Petitions of the week

This week we highlight petitions pending before the Supreme Court that address, among other things, the requirements for a foreign company’s sales of components to qualify as induced infringement; when per diem payments to an employee constitute wages, rather than reimbursement, under the Fair Labor Standards Act; and whether Title III of the American with Disabilities Act requires a website or mobile phone application to satisfy discrete accessibility requirements in certain situations.

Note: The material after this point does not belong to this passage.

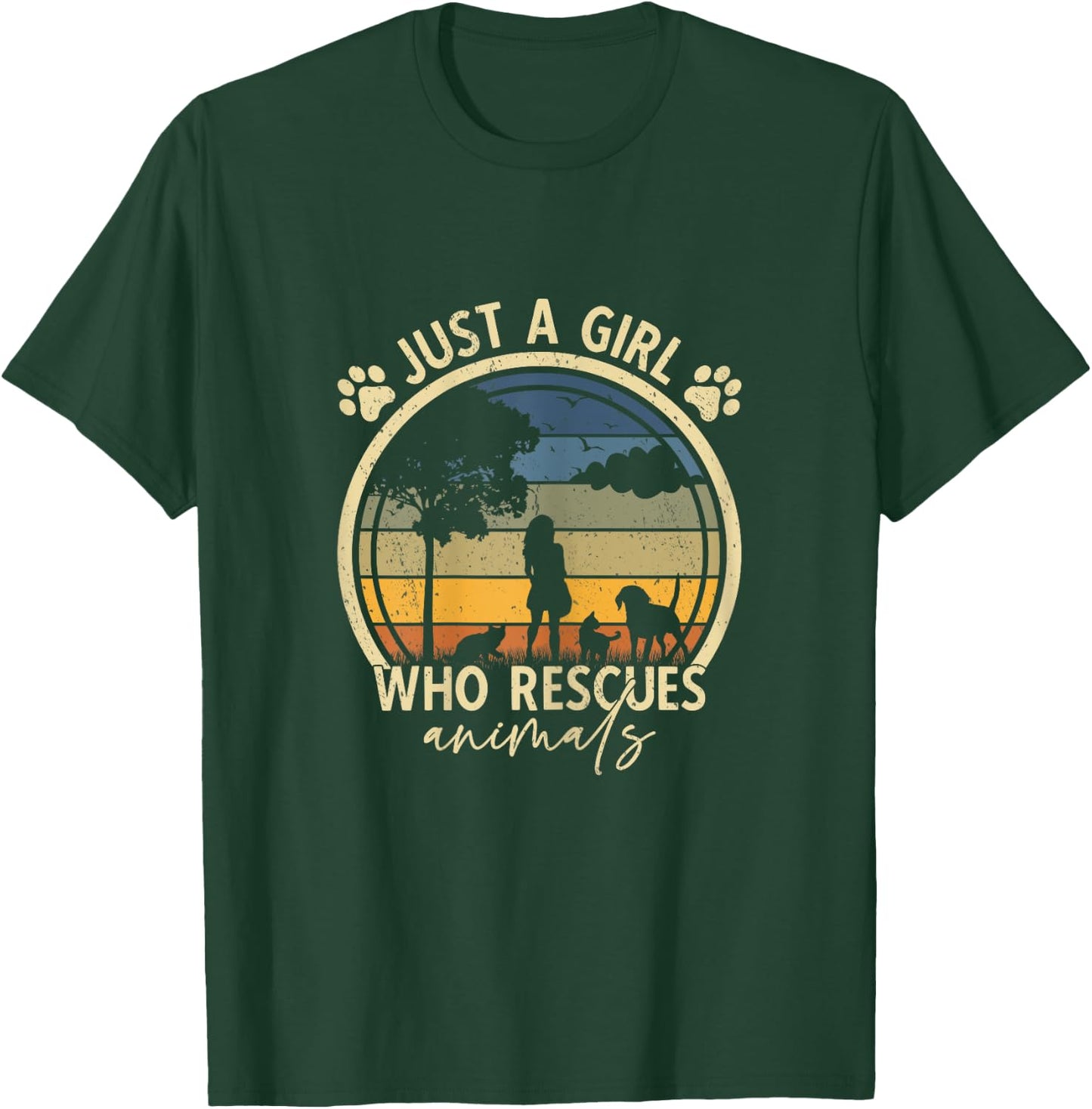 Rescue Animals Dog Cat Just a girl who rescues animals T-Shirt - T-Shirt | Forest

The petitions of the week are:

18-1530

Issue: Whether, in view of the presumption against extraterritoriality, a foreign defendant’s foreign sales of components to a foreign company qualify as induced infringement, when the defendant knew of, at most, a risk that the components might be incorporated by third parties into infringing products that might be sold by other third parties in the United States.

18-1539

Issue: Whether Title III of the Americans with Disabilities Act requires a website or mobile-phone application that offers goods or services to the public to satisfy discrete accessibility requirements with respect to individuals with disabilities.

18-1540

Issues: (1) Whether a plaintiff must prove that a defendant engaged in some form of volitional conduct in order to prove direct copyright infringement, as described in Justice Antonin Scalia’s dissenting opinion in American Broadcasting Companies v. Aereo, Inc.; (2) whether, if so, that requirement is properly understood as identical to common-law proximate causation, as the U.S. Court of Appeals for the 9th Circuit held here and as one member of the panel opined in BWP Media USA Inc. v. Polyvore Inc.; or a less demanding causation standard, as the U.S. Courts of Appeals for the 3rd, 4th and 5th Circuits have held; or requiring only an affirmative act with a meaningful connection to the infringement, as suggested by other members of the U.S. Court of Appeals for the 2nd Circuit panel in Polyvore; and (3) whether a volitional-conduct requirement insulates from liability for direct infringement defendants who create and maintain automated systems for making copies of content not requested by users, as the 9th Circuit held, in conflict with the Supreme Court’s decision in Aereo and opinions of the U.S. Courts of Appeals for the District of Columbia and 2nd Circuits.

18-1541

Issue: Whether, and under what circumstances, per diem payments to an employee constitute wages, rather than reimbursement, under Section 207(e)(2) of the Fair Labor Standards Act.